__LISTED ENTRIES__

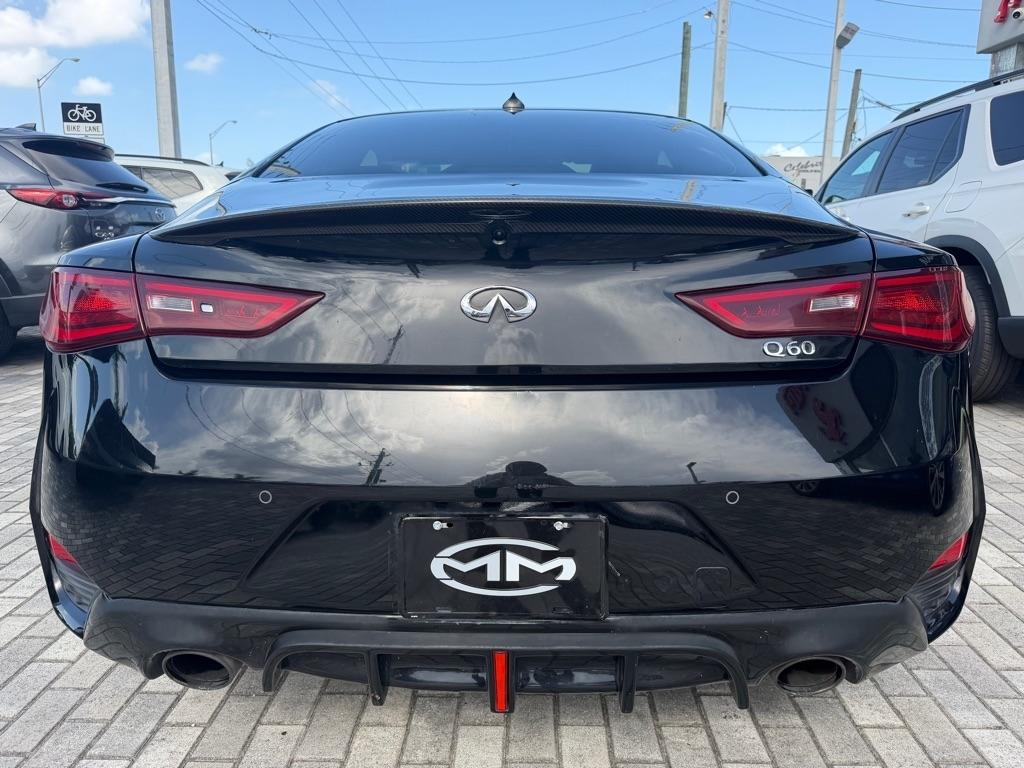 Infiniti Q60 LUXE RWD 2022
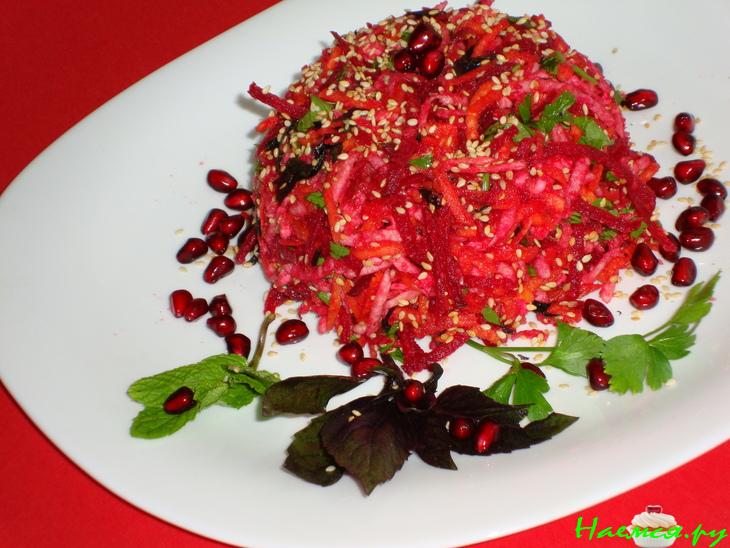 Cалат из свеклы с кольраби и кунжутом Cалат из свеклы с кольраби и кунжутом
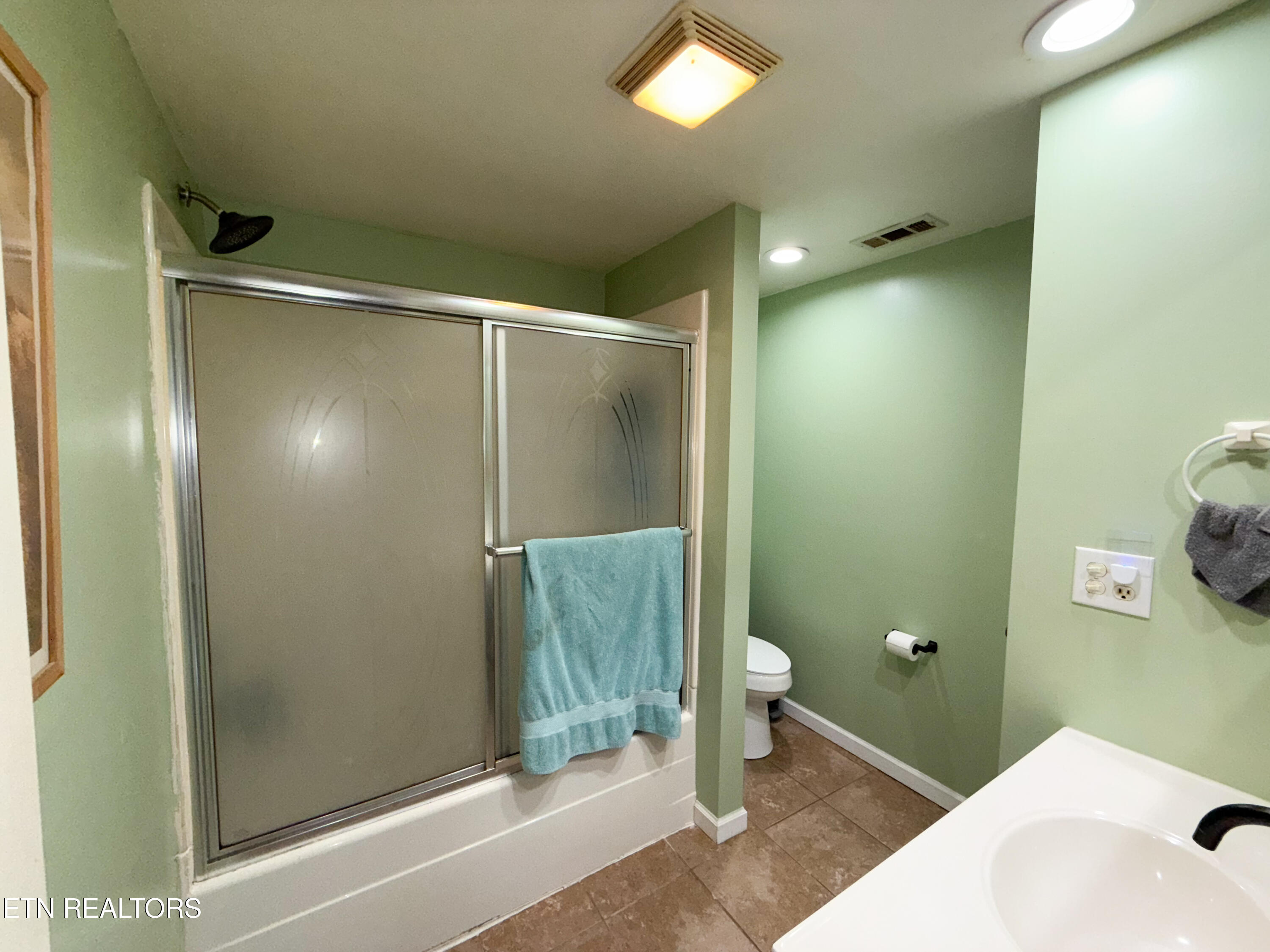 1327 Pinecrest Road Jacksboro, TN 37757 - Photo 13 of 26 IMG_0857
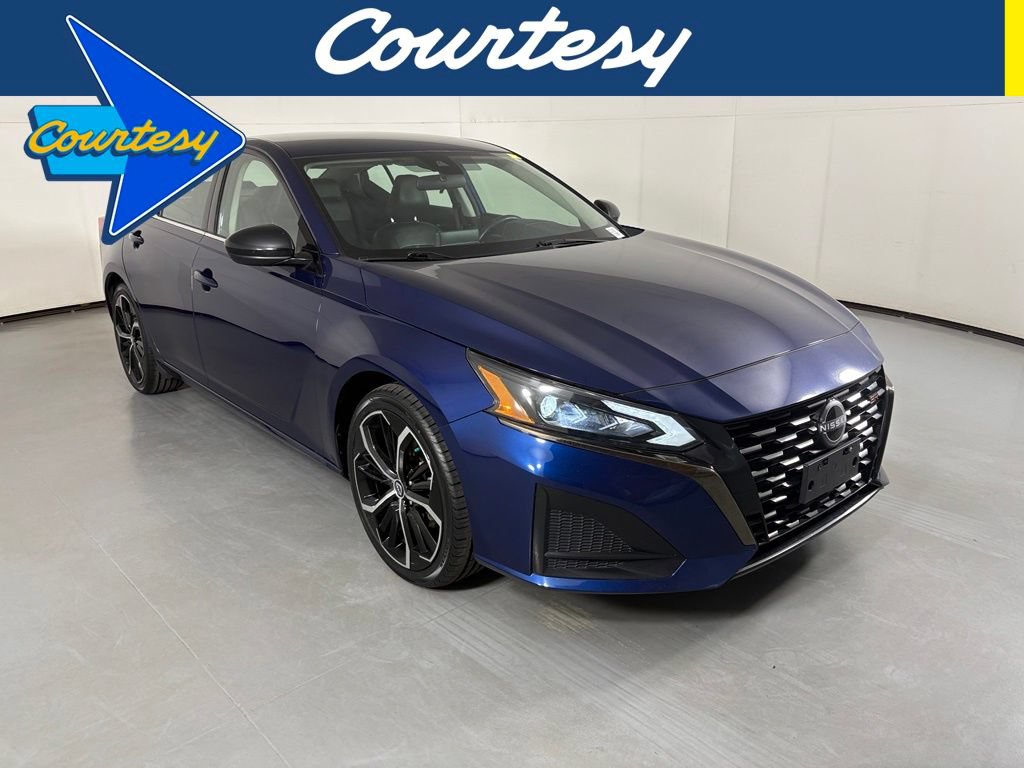 Used 2024 Nissan Altima 2.5 SR FWD image 1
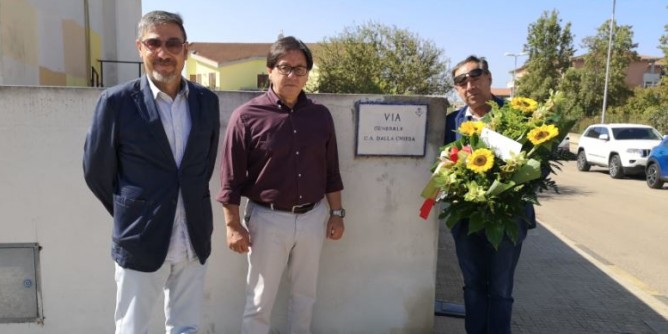 Porto Torres: girasoli per il generale Dalla Chiesa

__WHAT YOU WILL DO__
In the listing above, find the line containing "Cалат из свеклы с кольраби и кунжутом Cалат" and restate it and every later line verbatim, with the pictures left out.

__ANSWER SPACE__
 Cалат из свеклы с кольраби и кунжутом Cалат из свеклы с кольраби и кунжутом
 1327 Pinecrest Road Jacksboro, TN 37757 - Photo 13 of 26 IMG_0857
 Used 2024 Nissan Altima 2.5 SR FWD image 1
 Porto Torres: girasoli per il generale Dalla Chiesa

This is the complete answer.